My intention is to run a campaign in Monte Cook's Ptolus setting. For those unfamiliar, Ptolus is a somewhat "progressive" fantasy setting with firearms, pocket watches, and other simple tech. It's also highly urbanized. The game would start at level 1 and hopefully progress all the way to level 20. The time slot I have in mind is Sunday nights, starting at 5:30 pm and running to somewhere between 8:30 and 10:30. The first session will be some time after the conclusion of the spring semester. (How long after depends on how long it takes me to assemble a group)

*Notable house rules:*

For this game, you'll need to have a level 1 character generated using 32-point buy as outlined in the DMG.

I do not allow evil or chaotic neutral PC alignments, and lawful neutral or true neutral PCs need to be "heroes willing to get their hands dirty" types rather than self-absorbed loners, mercenaries, or other non-heroic concepts. This is non-negotiable. I realize that much fun can be had playing evil characters, but it's just not my cup of tea. PCs that become evil in play become NPCs under my control and the player can make a new character. Likewise, you need to make a character willing to work as part of a team, and you'll also need to play a standard Ptolus race. (The ones from the PHB plus a few specific to the setting. There's a kind of winged elf, a lion-headed humanoid race called the Littorians and a few others) Aside from those two strictures, I'm pretty flexible. I have a pretty good-sized library and if you want to play one of the new base classes from one of WotC's Complete books or the Tome of Battle, that's perfectly fine with me (in fact, I _strongly encourage_ aspiring warrior types to play a tome of battle class). I won't be using incarnum, truenaming, shadow magic, or psionics in this particular game, but if you want to play, for instance, a favored soul, spellthief, or warlock, feel free. If you're the sort who likes to plan character advancement way out in advance, I encourage you to submit a build to me early so I can get you to all of your RP PrC requirements in time. You can make a very mechanically-strong PC and I won't object (not at all, actually), but loopholing and cheese are frowned upon in a most dour fashion. I'm not kidding. I'll go all English butler on you (and make you design a new PC or redesign the existing one).

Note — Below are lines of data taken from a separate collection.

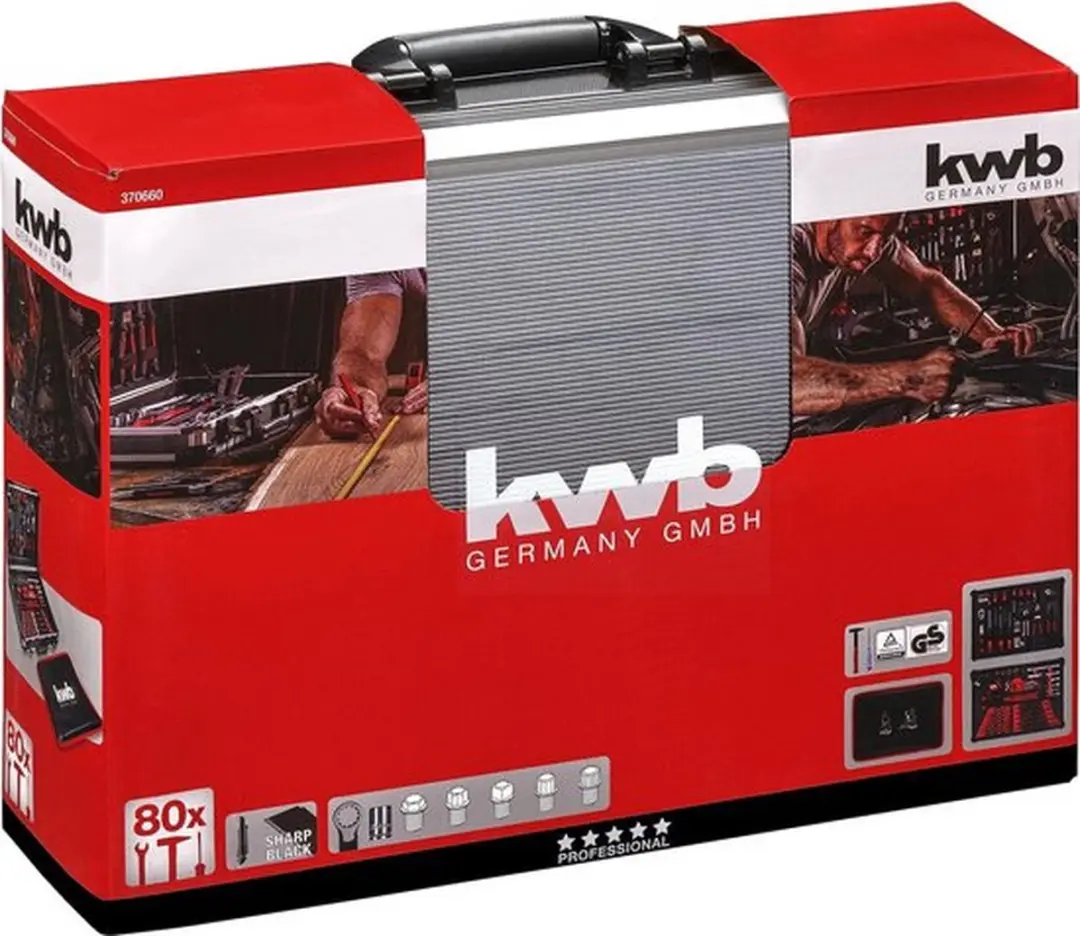 KWB Gereedschapskoffer 80-delig - Zwart - MPN 370660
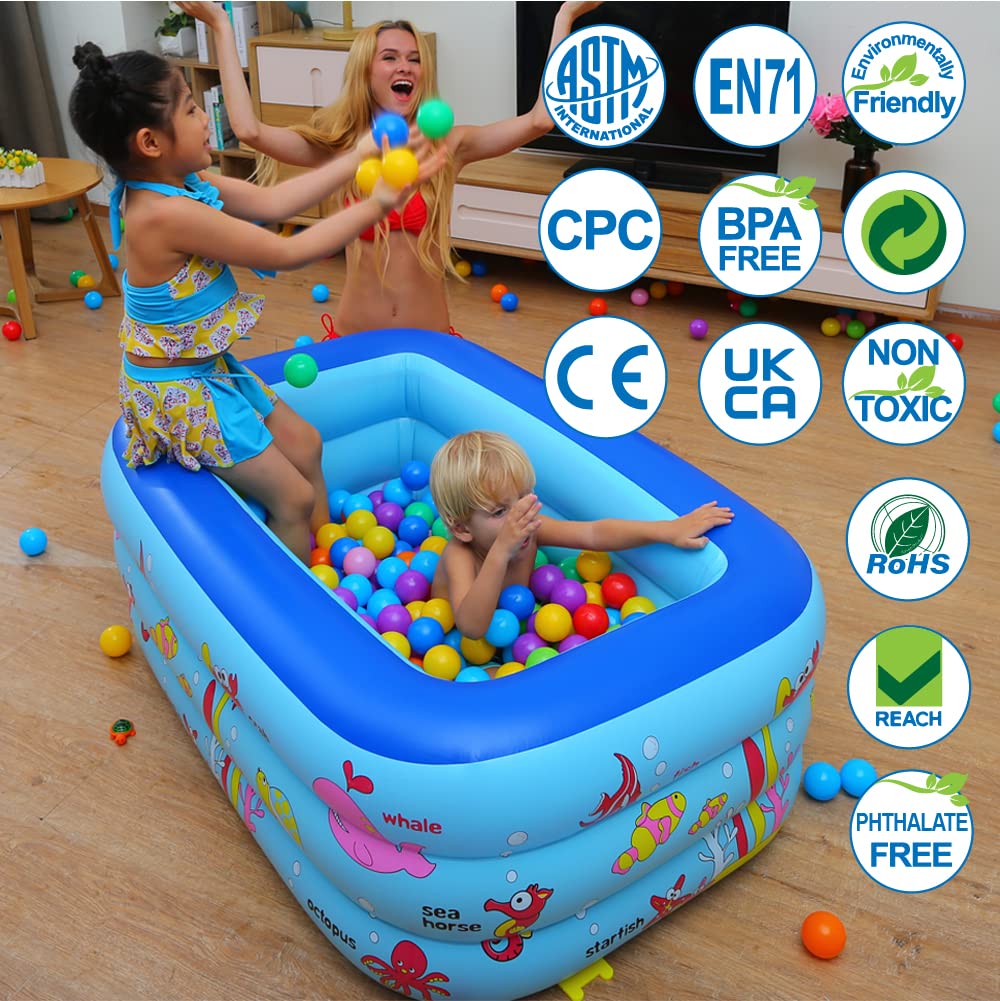 WateBom Inflatable Kiddie Pool — 51” x 33” x 21” with Soft Floor & Quick Inflation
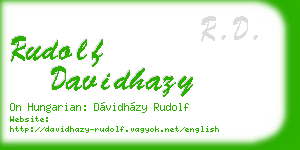 rudolf davidhazy business card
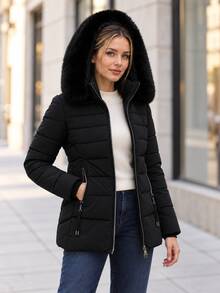 Women Faux Fur Trim Hooded Zip Up Padded Coat, Slim Fit Winter Padded Jacket With Zipper Pockets - Black - View 1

Interested parties should respond to this post or drop me a PM. Feel free to ask any questions you have when contacting me.

I look forward to meeting you.


----------



## logan9a (Apr 22, 2007)

You realize that aside from posting in the forum, there is no other way to contact you due to the preferences you have set up?

If you need a game, can make it to Hoffman Estates, IL and care more about 'is it a good game' rather than 'what system they are using', feel free to contact me at logan9a@yahoo.com

Logan


----------



## timespike (Apr 26, 2007)

logan9a said:
			
		

> You realize that aside from posting in the forum, there is no other way to contact you due to the preferences you have set up?




Gah! I need to go amend those. 

I appreciate the offer, but I'm looking for players for a new game, rather than to join someone else's. I appreciate the offer, however.


----------



## logan9a (Apr 27, 2007)

Let me get this straight.  You'd rather build a group of people from scratch than click into an already existing group?

Logan


----------



## timespike (Apr 30, 2007)

I've actually already done it. 

I _do_ appreciate the invite, though, believe me. I just had a particular gaming itch that I wanted to scratch.


----------